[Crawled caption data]
<<<<

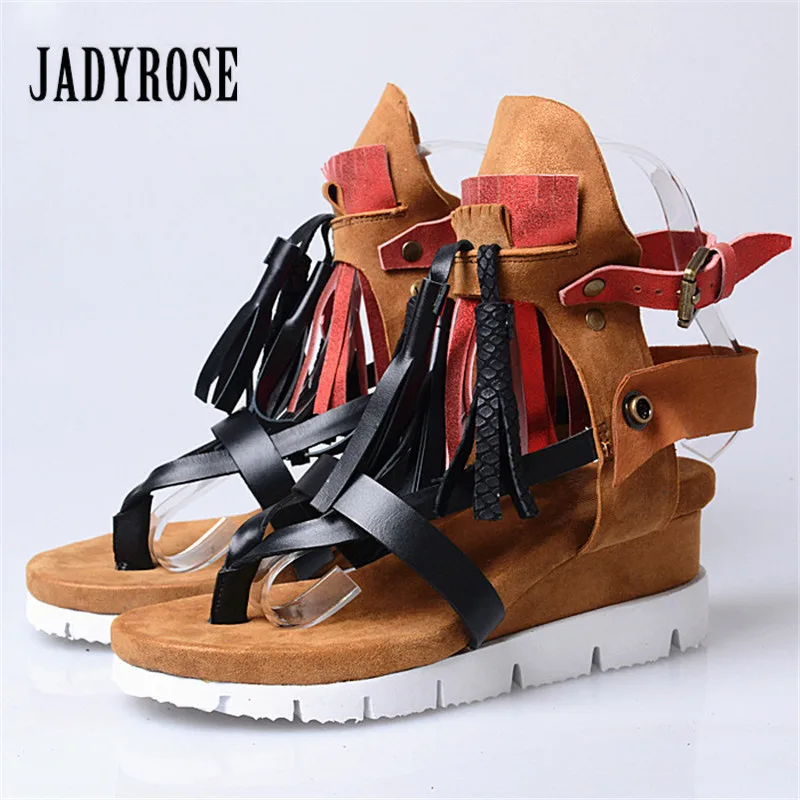 

Jady Rose Fringed Female Sandals Beach Flip Flops Genuine Leather Summer Gladiator Sandal Platform Wedge Shoes Woman Wedges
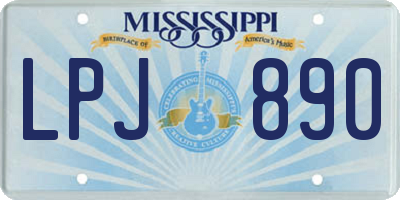 MS license plate LPJ890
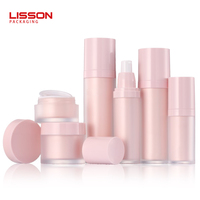 Set Botol Kosmetik Plastik Pink Pompa Airless Grosir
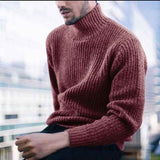 Red-Mens-Slim-Fit-Turtleneck-Sweater-Casual-Pullover-Sweater-Lightweight-Ribbed-Sweater-G019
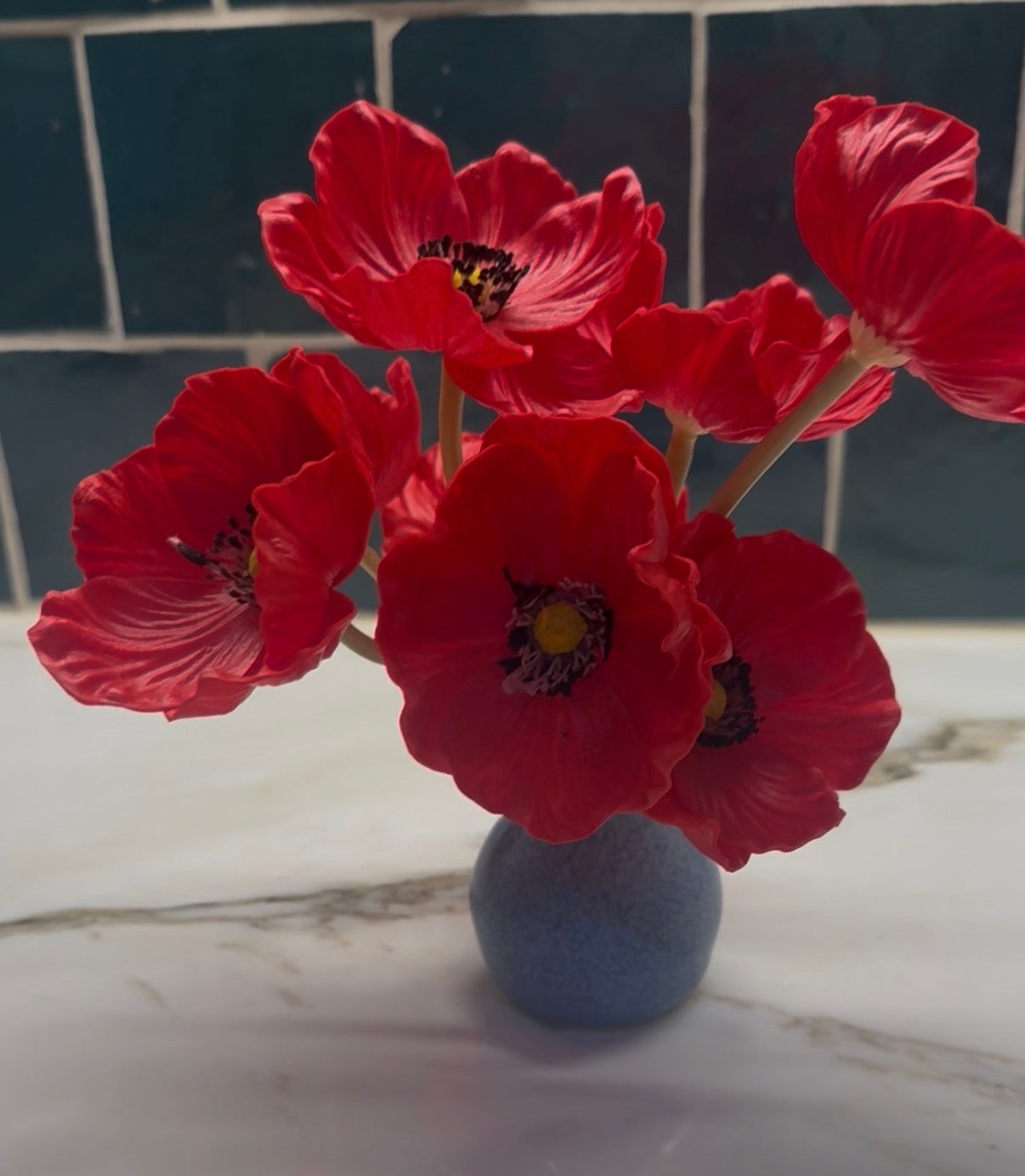 Poppies in blue vase- custom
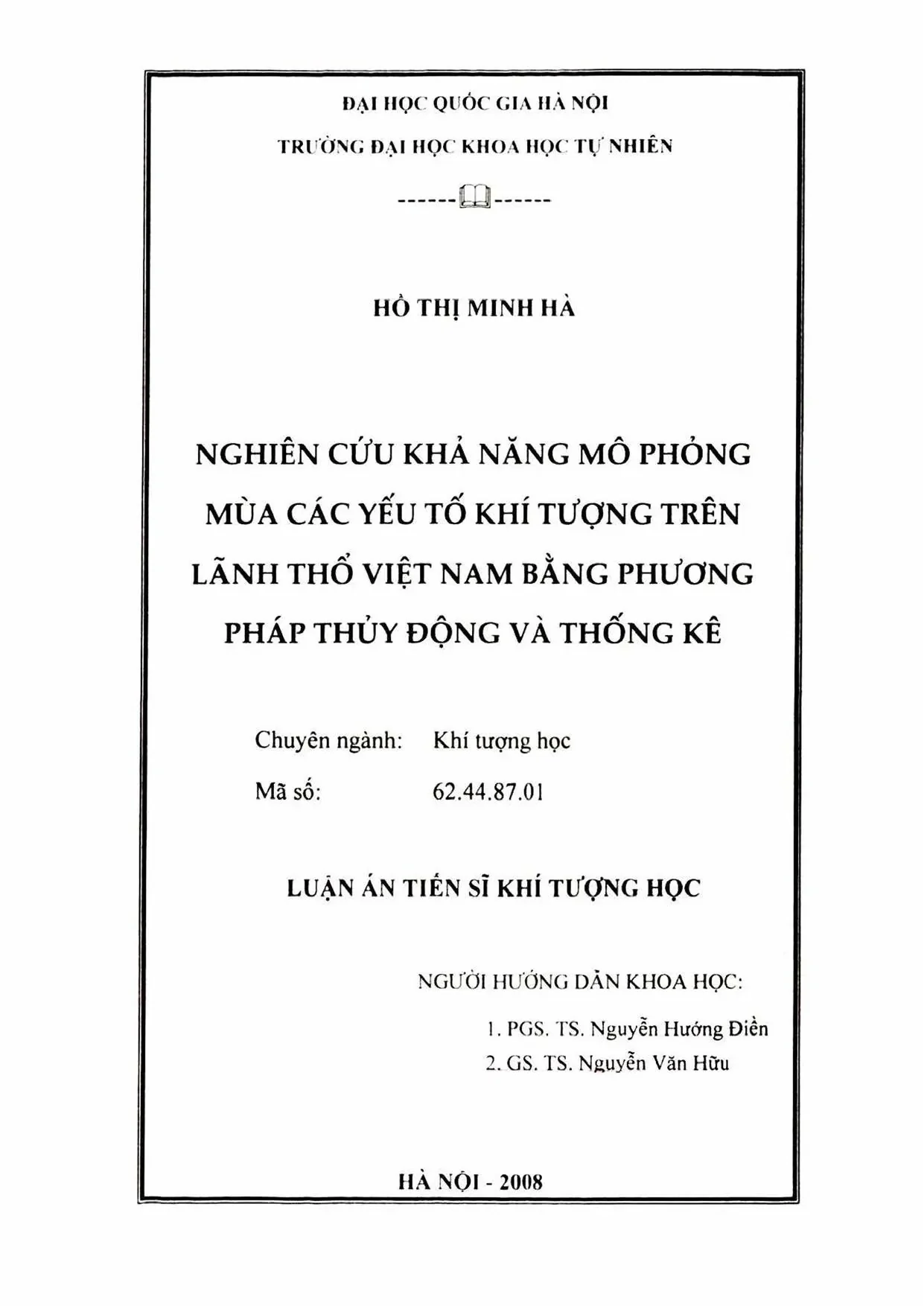 Luận án: Mô phỏng mùa khí tượng Việt Nam - Thủy động & Thống kê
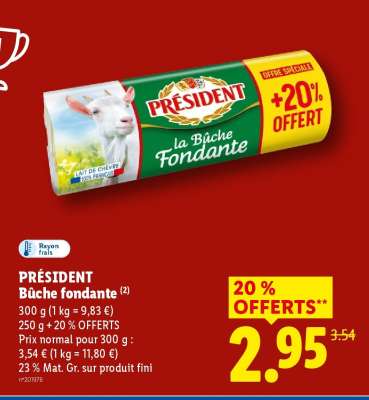 PRÉSIDENT Bûche fondante
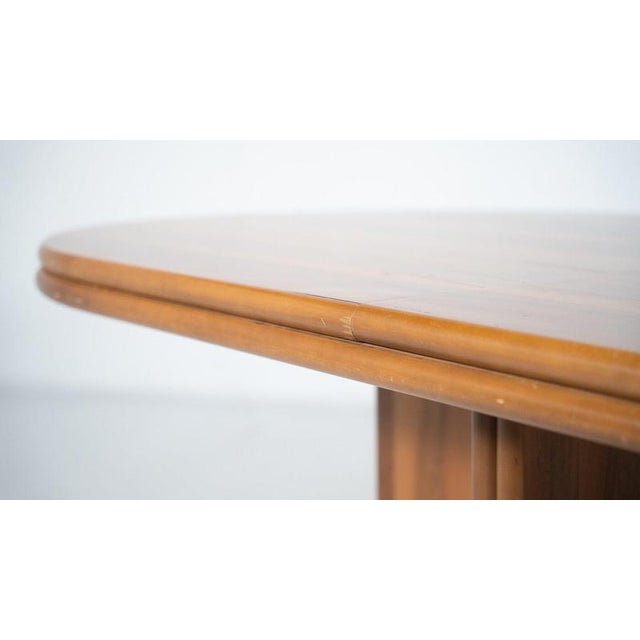 Large Mid-Century Modern Dinning Table in Wood, Italy, 1970s For Sale - Image 3 of 12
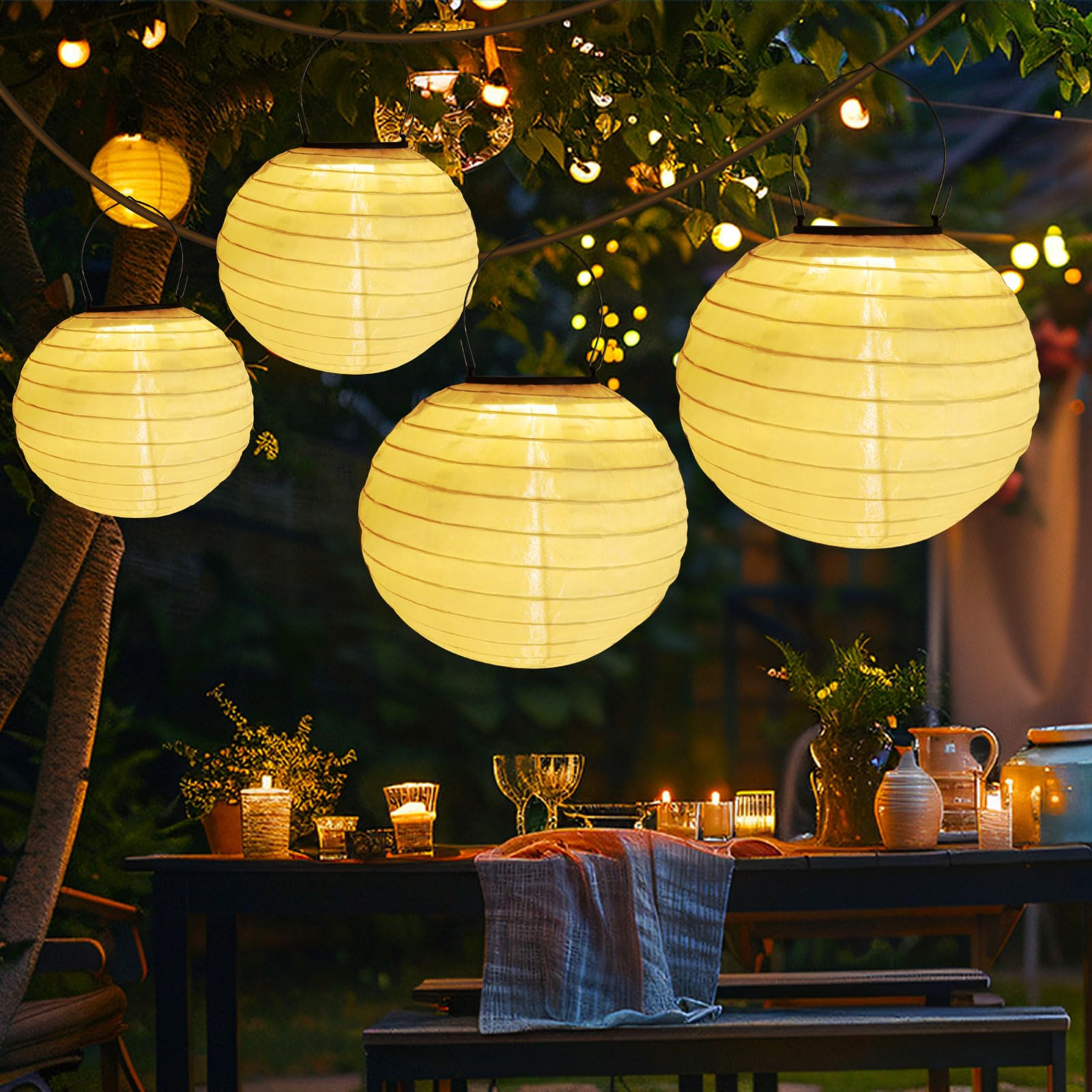 Liuyife 4 Stück 20CM Solar Lampions Außen, Wasserdichte Warmweiße Hängende Solar Gartenlaternen, Solar LED Laterne für Garten, Hof, Balkonen und Festdekoration
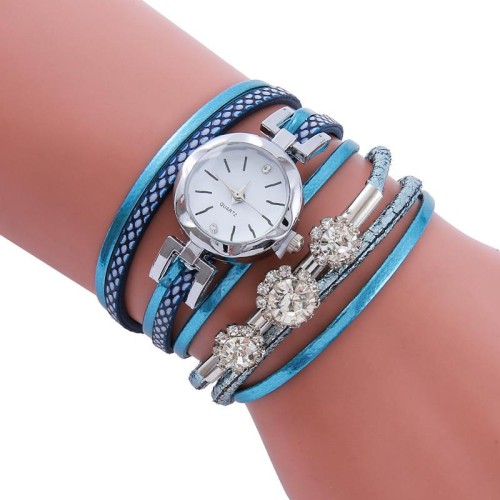 lady fashon Bracelets watch  fashonPU Slm watchband fne damond Alloy quartz watch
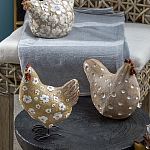 Статуэтка курица с белым цветочным узором и металлическими ножками Rustic Chicken варинант исполнения - 4 | Loft Concept в Челябинске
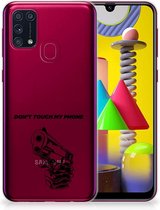 Telefoonhoesje Samsung Galaxy M31 Back Cover Siliconen Hoesje Transparant Gun Don't Touch My Phone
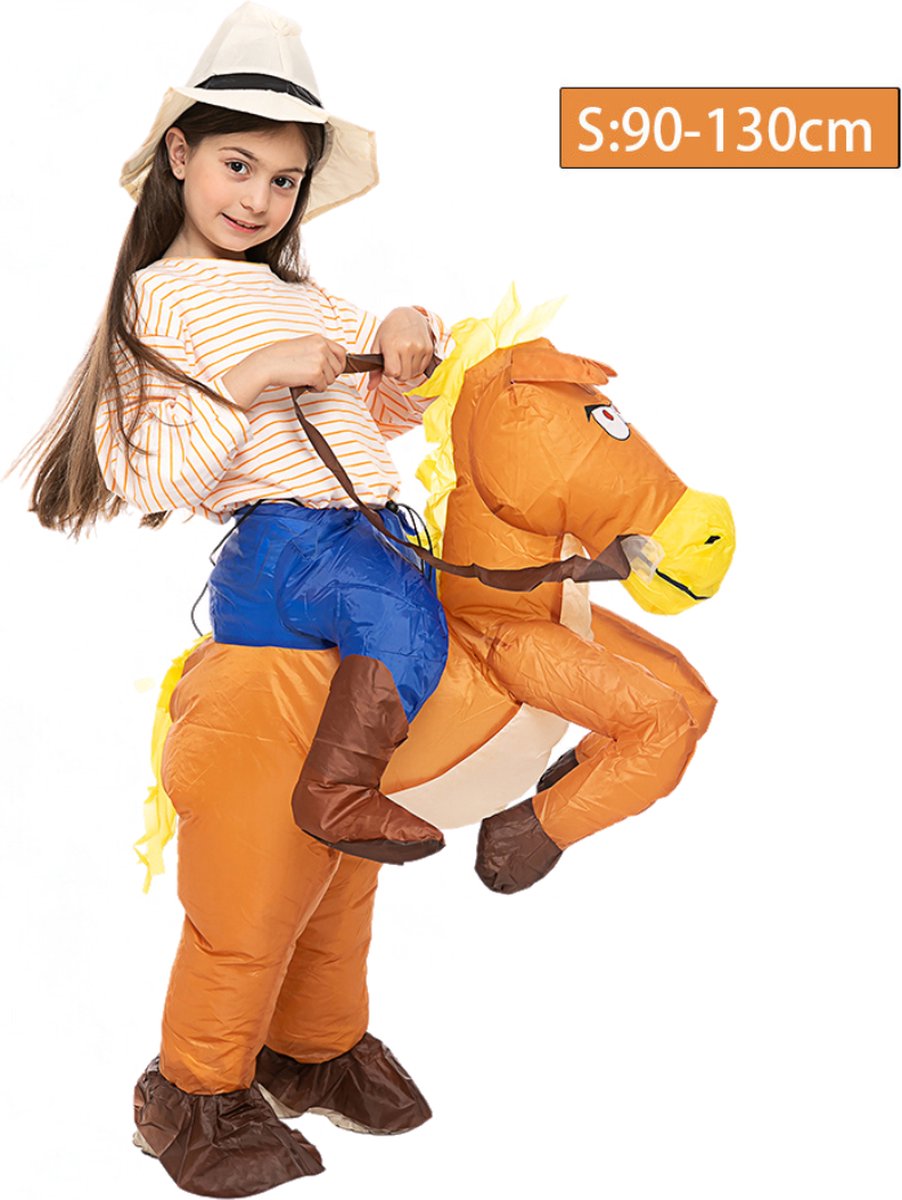 Bovista Dino Pak - Kostuum - Opblaasbaar - Paard - Opblaas - Halloween - Carnavalskleding - Voor Kinderen - Kind - Kids 90-130cm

>>>>

:: WORK REQUIRED ::
Leaving out each picture, repeat exactly the lines above from the one that contains "Liuyife 4 Stück" through the one that contains "lady fashon Bracelets".

:: TASK SOLUTION ::
 Liuyife 4 Stück 20CM Solar Lampions Außen, Wasserdichte Warmweiße Hängende Solar Gartenlaternen, Solar LED Laterne für Garten, Hof, Balkonen und Festdekoration
 lady fashon Bracelets watch  fashonPU Slm watchband fne damond Alloy quartz watch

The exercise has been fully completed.